Excavations at St Richards Priory Pontefract
Built on the former site of Pontefract General Infirmary (most of which has now been demolished), St. Richards Dominican Friary, one of only five in Yorkshire, was established in 1256 and dissolved in 1538.

The site is adjacent the medieval Hermitage and Oratory (Chapel) which is a Grade 1 listed building of national significance.

The site was first investigated by our society in the 1960’s where evidence of foundation walls was seen along with two medieval burials. Some of the walls were extremely thick and ll suggesting they may have been a part of the south wall of the church.

Further excavations occurred in the 1980’s and a geophysical survey was carried out in the Valley Gardens all of which suggested further evidence for the Friary.

Our society has been fortunate in having the opportunity to excavate an area of land adjacent the Bluebell Steps and Southgate. We will be digging for about 10 weeks until early October 2011.

We have just completed the first week of our excavations and things look very promising. We started by removing the top soil which also contained building rubble and digging down through what is eighteenth and nineteenth century agricultural soil. This soil has been improved using household waste consisting of ash, coal, broken crockery, animal bones and organic household waste.
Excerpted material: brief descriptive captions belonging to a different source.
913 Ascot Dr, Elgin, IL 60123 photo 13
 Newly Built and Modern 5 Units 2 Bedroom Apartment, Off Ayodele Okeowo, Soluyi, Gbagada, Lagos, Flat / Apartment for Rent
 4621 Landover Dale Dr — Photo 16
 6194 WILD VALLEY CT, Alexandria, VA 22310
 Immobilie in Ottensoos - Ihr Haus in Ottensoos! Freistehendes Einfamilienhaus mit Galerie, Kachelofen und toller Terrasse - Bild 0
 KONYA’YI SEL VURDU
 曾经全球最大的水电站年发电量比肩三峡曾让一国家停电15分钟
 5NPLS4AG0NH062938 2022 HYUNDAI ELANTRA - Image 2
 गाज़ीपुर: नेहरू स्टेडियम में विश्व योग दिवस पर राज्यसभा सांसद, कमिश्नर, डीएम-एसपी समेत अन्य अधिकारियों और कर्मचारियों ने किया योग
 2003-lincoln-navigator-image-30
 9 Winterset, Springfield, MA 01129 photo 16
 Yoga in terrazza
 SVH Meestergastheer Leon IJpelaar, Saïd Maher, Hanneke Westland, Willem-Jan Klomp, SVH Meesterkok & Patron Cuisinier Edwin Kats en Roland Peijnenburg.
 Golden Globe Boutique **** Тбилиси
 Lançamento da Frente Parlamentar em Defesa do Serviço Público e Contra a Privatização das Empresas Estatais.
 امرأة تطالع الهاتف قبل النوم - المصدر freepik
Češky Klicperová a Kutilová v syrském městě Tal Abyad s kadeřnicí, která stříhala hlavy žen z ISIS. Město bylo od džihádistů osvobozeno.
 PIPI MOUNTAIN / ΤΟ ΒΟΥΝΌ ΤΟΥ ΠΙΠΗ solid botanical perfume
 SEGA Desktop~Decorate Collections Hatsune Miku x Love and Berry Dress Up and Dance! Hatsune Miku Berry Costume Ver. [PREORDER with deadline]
This has created deep well drained fertile agricultural soil used most probably for growing liquorice.

The cultivation and harvesting of this root crop has disturbed the underlying archaeology which has meant that fragments of human bone and teeth, medieval pottery and pipe bowls and stems and medieval building materials have risen into this later agricultural soil.

This does suggest that this part of the Friary may well be the site of a war grave from the civil war dating to 1648. Other finds including medieval roofing slabs, window leading and glass, as well as a stone window moulding suggest that they are from the medieval friary.